15. Thus, if witnesses depose concerning computer print outs of call details generated they must speak the facts to establish that clauses (a) to (d) of sub-section (2) of Section 65B or sub-Section (3) thereof, as the case may be, are satisfied. It is not enough to say ‘I have seen the call details of the aforesaid three telephone connection on the record. The said calls details are Ex.PW-21/A, Ex.PW-21/B and Ex.PW-21/C respectively. The details are correct as per our record maintained in our office.‟

16. Section 386 of the Code of Criminal Procedure permits the appellate Court to direct further evidence to be recorded. We dispose of the appeal setting aside the judgment dated May 19, 2012 and order on sentence dated May 25, 2012 convicting appellant for the offence of having kidnapped for ransom and having murdered Master Harsh Verma.

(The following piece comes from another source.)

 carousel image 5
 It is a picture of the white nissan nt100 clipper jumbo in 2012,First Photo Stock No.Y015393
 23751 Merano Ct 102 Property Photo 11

17. We remand the matter to the learned Trial Court with a direction that further evidence would be led as required by law concerning the various call details record pertaining to the land line and mobile number which we have referred to hereinabove. The prosecutor would be given an opportunity to prove the FSL report.

18. Copy of this decision is directed to be sent to the District & Sessions Judge(s) of the eleven districts in Delhi who shall bring the same to the notice of all the judicial officers working in their respective districts.